98 KNOWING DICKENS
and gone, after patronizing with suavity the whole population of Broadstairs,
and impressing Tom Collin with a profound conviction that he (F) did the
Ocean a favor when he bathed” (6.506). He and Catherine had their private
jokes as well. In the summer of 1850, as he was writing David Copperfield,
Dickens invited Maclise to join him for two weeks in Paris, on one of their
“vagabond” adventures. Writing home to Catherine, he complained about
Maclise’s dress: “I don’t know what he may have, in a portmanteau like a
Bible; but he certainly don’t put it on, whatever it is.

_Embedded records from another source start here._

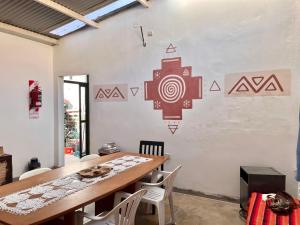 a dining room with a table and chairs at Renacer en Salta in Salta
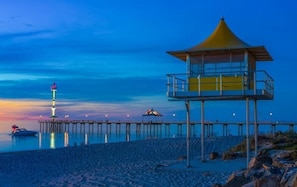 A pier extending into calm waters with a lookout tower and a small pavilion. - Mantra Adelaide Central (Adelaide)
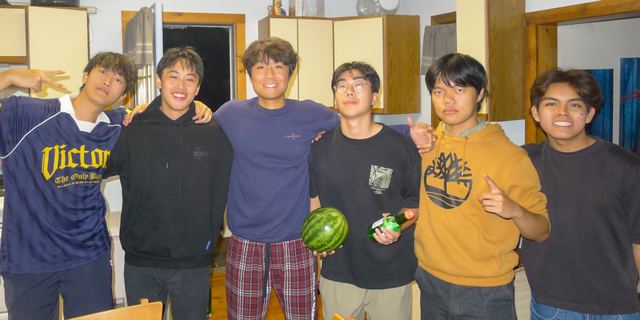 Brothers posing together in pajamas inside the house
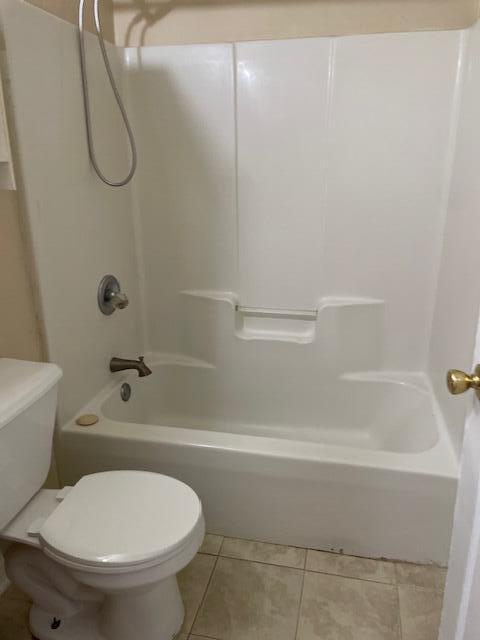 6905 Sea Turtle Circle, Unit E Navarre, FL 32566 - Photo 10 of 13 a bathroom with a toilet and a bath tub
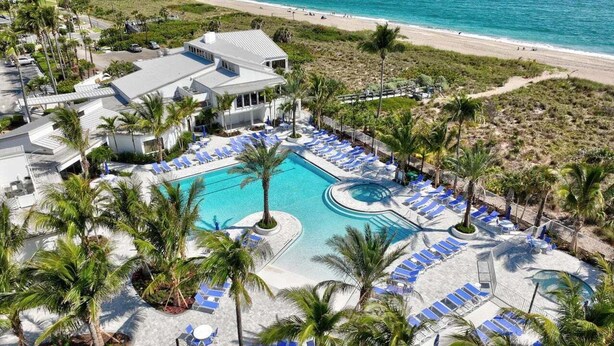 En resort med swimmingpool omgivet af palmer og liggestole, med udsigt over en strand.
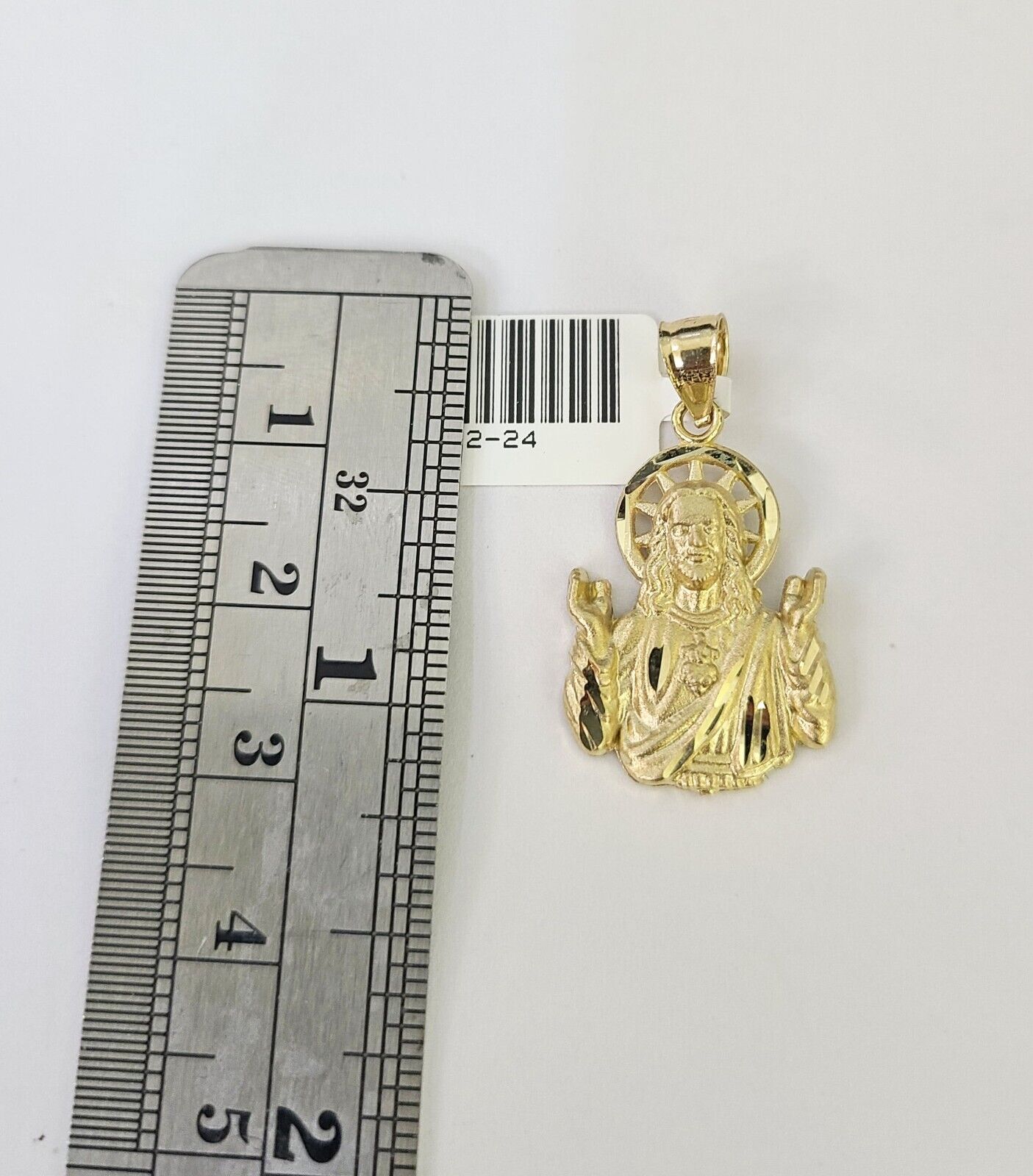 Detailed macro shot of 10K yellow gold Franco chain links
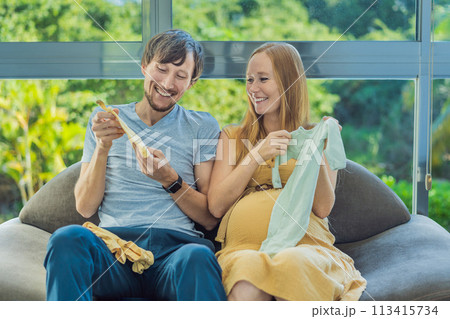 In a heartwarming scene, the future mom and dad hold their unborn baby's clothes in their hands, savoring the joy of anticipation and shared excitement for their little one's arrival 113415734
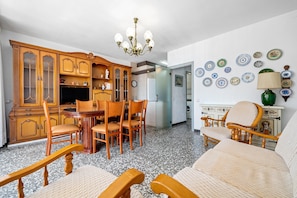 Un coin repas avec des meubles en bois, un lustre et un mur décoré d’assiettes.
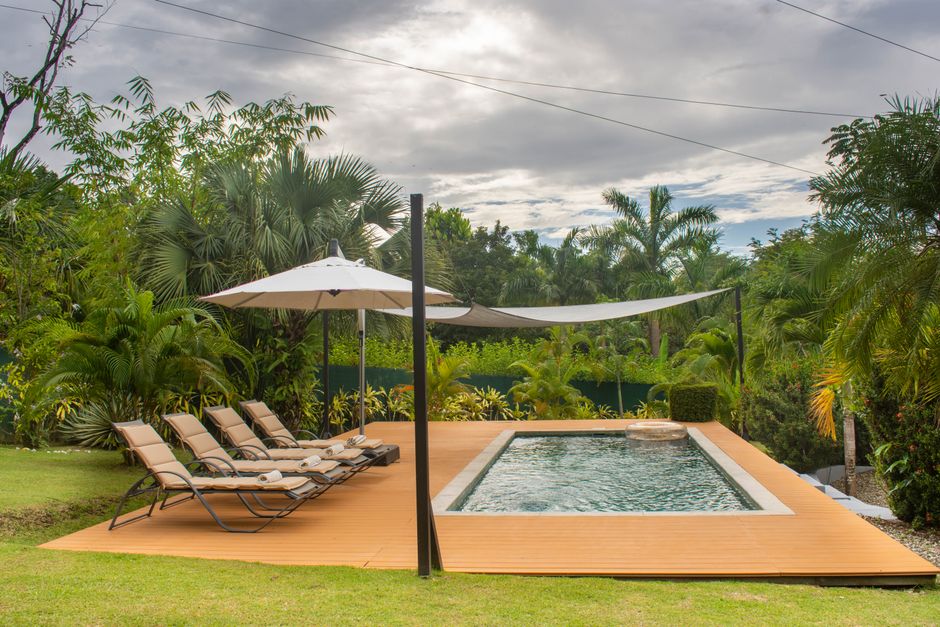 Content image 2  - A shaded poolside deck area with lounge chairs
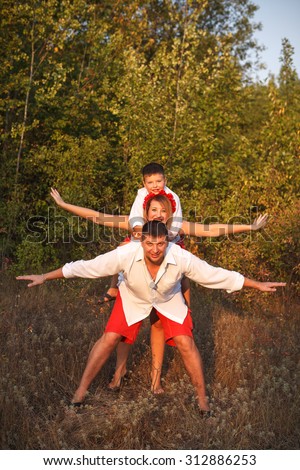 mom dad and son fooling around outdoors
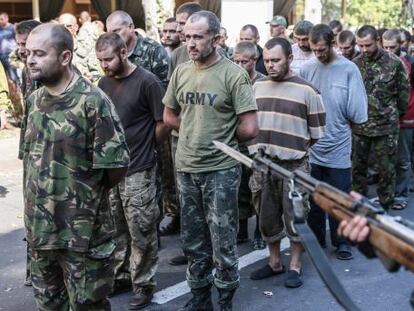 Pró-russos escoltam prisioneiros de guerra em Donetsk.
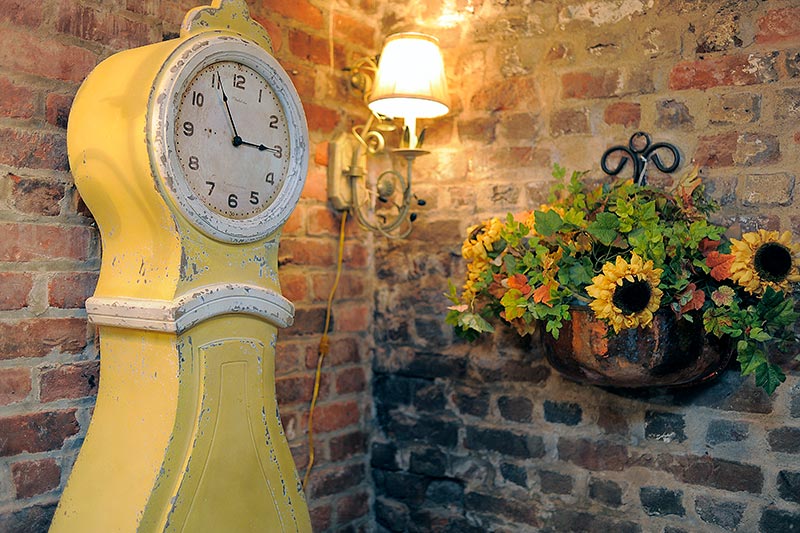 antique yellow clock at local decor shop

His shirt in front is very
like a pillow-case; and I expect him, at the trois freres presently, to be the
terror and consternation of the assembled guests” (6.117). Having dragged
Maclise to the Paris Morgue, he described his friend’s reaction to “a body
horribly mutilated... It made him so sick, that to my infinite disconcert-
ment, he sat down on a doorstep in the street, for about ten minutes, resting
his cheek (like Juliet) on his hand” (6.120). In matters of fastidiousness and
manliness, he could assure his wife that he was the better man.
The friendship with the older actor Macready was negotiated in more
sentimental terms and elicited some of Dickens’s most sympathetic letters. As
a masterly Shakespearian actor, Macready was what Dickens had once aspired
to be. Ackroyd tells us that Macready’s acting style was the kind Dickens
admired: “he was a master of pathos, remorse, the more bravura aspects of
melodrama” (210). Like Dickens, Macready was tremendously class-conscious:
he resented his chosen profession because it was not gentlemanly enough,
and he was intent on raising the theater from the state of degradation into
which it had fallen. Dickens responded warmly to Macready’s sense of pro-
fessionalism and to his earnest—and tortured—dedication to his art.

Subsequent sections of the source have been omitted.